We agree. “A case becomes moot — and therefore no longer a ‘Case’ or ‘Controversy’ for purposes of Article III [of the Constitution] — ‘when the issues presented are no longer “live” or the parties lack a legally cognizable interest in the outcome.’ ” Already, LLC v. Nike, Inc., 568 U.S. 85, 91, 133 S.Ct. 721, 184 L.Ed.2d 553 (2013) (quoting Murphy v. Hunt, 455 U.S. 478, 481, 102 S.Ct. 1181, 71 L.Ed.2d 353 (1982)). To be sure, “the general rule [is] that voluntary cessation of a challenged practice rarely moots a federal case.” City News & Novelty, Inc. v. City of Waukesha, 531 U.S. 278, 284 n.1, 121 S.Ct. 743, 148 L.Ed.2d 757 (2001). For instance, defendants claiming to have mooted cases by ceasing challenged conduct bear “[t]he heavy burden” of making “it absolutely clear that the allegedly wrongful behavior could not reasonably be expected to recur.” Friends of the Earth, Inc. v. Laidlaw Env. Servs. (TOC), Inc., 528 U.S. 167, 189, 120 S.Ct. 693, 145 L.Ed.2d 610 (2000) (internal quotation marks omitted) (quoting United States v. Concentrated Phosphate Export Assn., 393 U.S. 199, 203, 89 S.Ct. 361, 21 L.Ed.2d 344 (1968)).

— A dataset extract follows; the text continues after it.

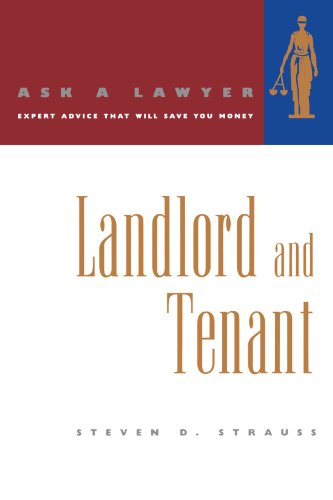 Landlord and Tenant [Paperback]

However, the Supreme Court has concluded that Plaintiffs-Appellees, even if they cannot satisfy a court that the conduct animating their lawsuit is not reasonably likely to recur, may successfully moot a case if they have changed course and if there is no judgment below, adverse to their opponent, that would remain in effect were the case mooted. See City News, 531 U.S. at 283–84, 284 n.1, 121 S.Ct. 743; see also City of Erie v. Paps A.M., 529 U.S. 277, 120 S.Ct. 1382, 146 L.Ed.2d 265 (2000). Here, a determination of mootness would not saddle New York with the consequences of an unfavorable district-court decision because federal appeals courts’ “established practice” upon finding a case moot “is to reverse or vacate the judgment below and remand with a direction to dismiss,” United States v. Munsingwear, 340 U.S. 36, 39 & n.2, 71 S.Ct. 104, 95 L.Ed. 36 (1950), so as to “prevent the appellee from insulating a favorable decision from appellate review,” Russman v. Bd. of Educ. of Enlarged City Sch. Dist. of City of Watervliet, 260 F.3d 114, 122 (2d Cir. 2001); see also Paps, 529 U.S. at 288–89, 120 S.Ct. 1382. Because Durolek and Giglia no longer intend to hold a wedding while New Yorks COVID-19 gathering restrictions are in effect (and the wedding of DiMartile and Crawford has already taken place), and because a mootness finding will not burden the state with an unreviewable adverse judgment, this appeal and the underlying claims of DiMartile, Crawford, Durolek and Giglia are moot. If Durolek and Giglias intentions change, they may initiate a new action.

2

We DISMISS the appeal as moot, VACATE the preliminary injunction, and REMAND to the district court with instructions to dismiss the claims of DiMartile, Crawford, Durolek and Giglia as moot.

FOOTNOTES

1

.   Plaintiffs DiMartile and Crawford married while the preliminary injunction in this case was still in effect before the state was granted a stay pending appeal. The parties do not dispute that the completion of their wedding has therefore mooted their claims. Defendants-Appellants assert that the claims of Plaintiff Shamenda, an ordained Wesleyan minister and wedding officiant, are not at issue in this appeal, and Defendants-Appellees do not challenge that assertion. Below, Defendants questioned Shamendas standing, and it is unclear from the complaint whether he was expected to have any involvement in the planned weddings of the two plaintiff couples. Moreover, his claims were based on the Free Exercise Clause of the First Amendment, which was not the basis of the preliminary injunction challenged on this appeal. Plaintiffs-Appellees do not argue that Shamendas claims have any bearing on the mootness question before this Court, or on any other issue raised by either side in this appeal.

2

.   As no party to the appeal addresses Shamendas claims, those claims remain pending before the district court. We leave it to the district court in the first instance to address those claims, including any issue as to whether they present a case or controversy within the meaning of Article III of the United States Constitution.